Overview

In a normal class, the teacher lectures (easy part) and you do the homework at home (hard part). If you get stuck at home, you are screwed. The Flipped Classroom flips this. You watch the lecture at home (video), and you do the “homework” in class where the teacher can help you.

Core Idea

The core idea is Active Class Time. Don’t waste precious class time on a monologue. Use it for discussion, projects, and help.

Formal Definition

An instructional strategy where students complete readings/videos at home and work on live problem-solving during class time.

Intuition

  • Old Way: Teacher talks -> Students listen -> Students go home and struggle.
  • Flipped Way: Students watch video -> Students come to class -> Teacher walks around helping them solve problems.

Examples

  • Khan Academy: Sal Khan popularized this.
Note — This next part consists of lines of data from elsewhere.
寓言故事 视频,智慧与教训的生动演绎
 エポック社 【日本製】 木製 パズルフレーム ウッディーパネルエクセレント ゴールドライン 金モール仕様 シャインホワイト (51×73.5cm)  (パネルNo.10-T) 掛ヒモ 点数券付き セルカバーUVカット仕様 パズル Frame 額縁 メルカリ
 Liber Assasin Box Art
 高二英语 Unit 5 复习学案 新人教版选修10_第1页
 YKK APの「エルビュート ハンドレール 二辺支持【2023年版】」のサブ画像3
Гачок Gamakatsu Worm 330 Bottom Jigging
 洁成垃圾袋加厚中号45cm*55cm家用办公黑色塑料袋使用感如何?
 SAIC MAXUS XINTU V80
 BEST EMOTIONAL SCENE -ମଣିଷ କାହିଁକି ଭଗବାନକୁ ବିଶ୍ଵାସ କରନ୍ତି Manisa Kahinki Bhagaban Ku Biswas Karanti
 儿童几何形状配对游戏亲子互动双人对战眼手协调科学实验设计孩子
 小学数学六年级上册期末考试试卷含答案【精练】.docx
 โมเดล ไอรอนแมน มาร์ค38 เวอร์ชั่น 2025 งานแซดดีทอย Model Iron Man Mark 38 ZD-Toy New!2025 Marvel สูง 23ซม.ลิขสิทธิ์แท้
Teachers assign his videos as homework.
  • Science Labs: Watch the safety video and theory at home. Spend the entire class time actually doing the experiment.

Common Misconceptions

  • The teacher is replaced by video: No. The teacher is more important. They spend their time tutoring individual students instead of lecturing to the whole group.
  • It’s just more homework: It should take the same amount of time. 15 min video at home + 45 min work in class = 1 hour.
  • Blended Learning: Mixing online and face-to-face learning.
  • Mastery Learning: Students can re-watch the video 10 times if they don’t get it. They can pause and rewind the teacher.

Applications

  • University: Large lecture halls are dying. Professors are putting lectures online and using class time for seminars.

Criticism / Limitations

  • Digital Divide: If a kid doesn’t have internet at home, they can’t do the “homework.”
  • Motivation: If kids don’t watch the video, they come to class completely lost.

Further Reading

  • Bergmann, Jonathan and Sams, Aaron. Flip Your Classroom.